Apart from the pictures, which must be omitted, restate the data exactly.
##### DATASET SECTION
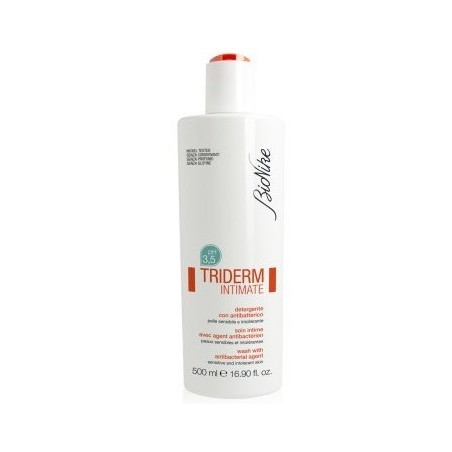 Bionike Triderm Intimate Antibatterico 500 Ml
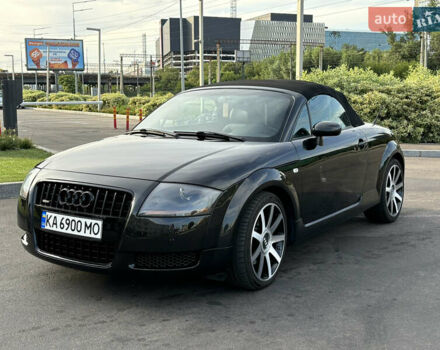 Чорний Ауді TT, об'ємом двигуна 1.78 л та пробігом 237 тис. км за 5999 $, фото 3 на Automoto.ua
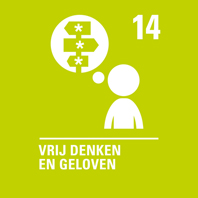 CRC 14 - Vrij denken en geloven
##########
COMPLETED TASK:
 Bionike Triderm Intimate Antibatterico 500 Ml
 Чорний Ауді TT, об'ємом двигуна 1.78 л та пробігом 237 тис. км за 5999 $, фото 3 на Automoto.ua
 CRC 14 - Vrij denken en geloven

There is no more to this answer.